Overview of a Leverage Transaction
Leverage strategies involve single or multiple transactions in which a financial institution purchases assets, typically investment securities, and funds the transaction(s) with wholesale funding. The strategy generally is a departure from the institution’s core business activities and usually results in a significant volume of assets and liabilities being added to the balance sheet with a corresponding decrease in regulatory capital ratios.
A financial institution’s primary goal in entering into a leverage transaction is to increase the level of earnings and to improve return on equity (ROE). Institutions that initiate leverage transactions typically have high levels of regulatory capital and below-average ROE. These banks generally have been unable to increase their loan base in their delineated lending area because of their locale or competitive conditions and, accordingly, increased their level of earning assets through these leverage transactions.
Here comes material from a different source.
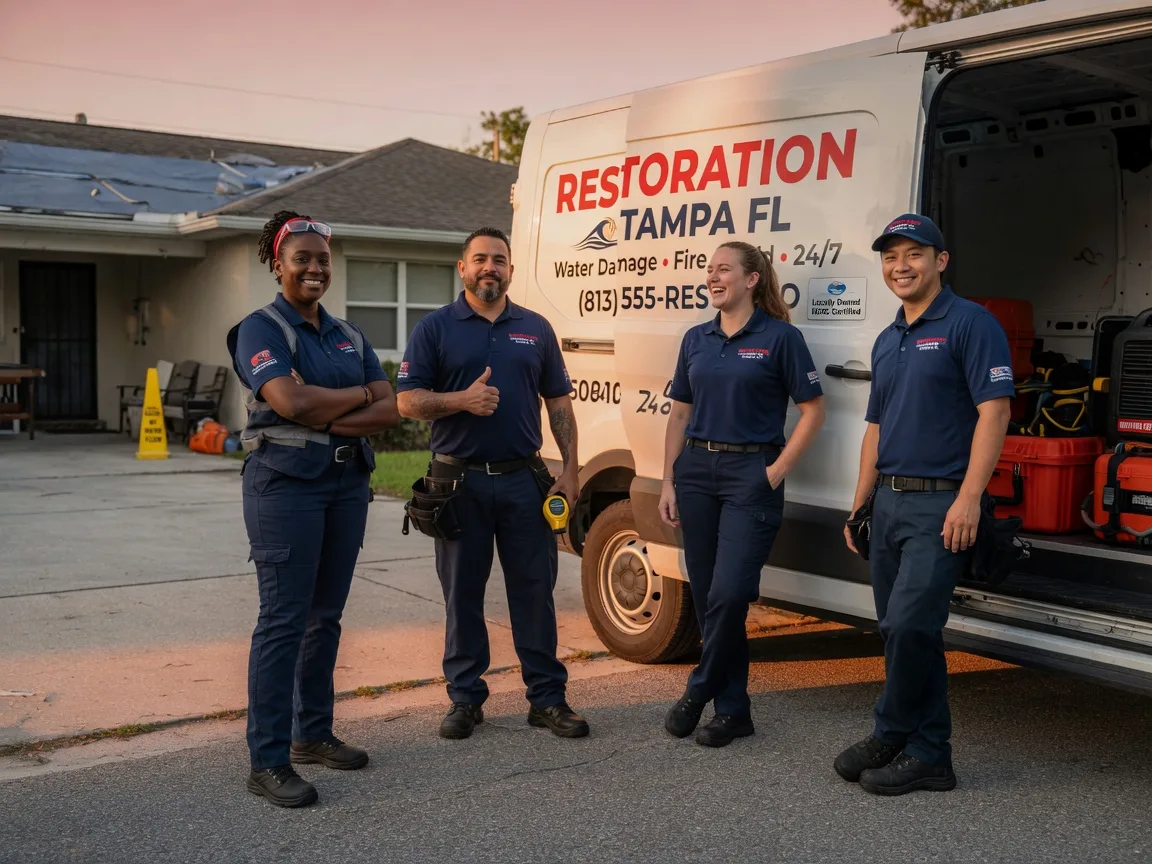 Water Damage Restoration company in Sandy Hook, VA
The participants view these transactions as having a low level of risk (interest rate or credit) and requiring only minimal overhead, especially in relation to the significant increase in assets. Because of changes in market conditions, however, these expectations are not always fulfilled.
Profile of a Leverage Candidate
The most common identifying feature of a new participant in a leverage pro-gram is rapid asset growth funded with wholesale borrowings. Generally, the asset growth will be centered entirely in the investment portfolio. The most common characteristics of a potential leverage candidate are:
Investment and Funding Options in Leverage Transactions
Real estate mortgage investment conduits (REMICs) have been the primary type of investment securities used by Dallas Region banks in leverage transactions. REMICs’ cash flow characteristics, which are more structured than mortgage pass-through securities, allow institutions entering into a leverage transaction to target the degree of interest rate risk based on the risk characteristics of the particular REMIC selected. Other securities used in these strategies include U.S. agency securities, mortgage pass-through securities, and bond mutual funds. The initial spread on the leverage transaction (the difference between the cost of funds and the yield on the securities) is a function of the risk the institution is willing to take; however, the spread can change over time and can even become negative.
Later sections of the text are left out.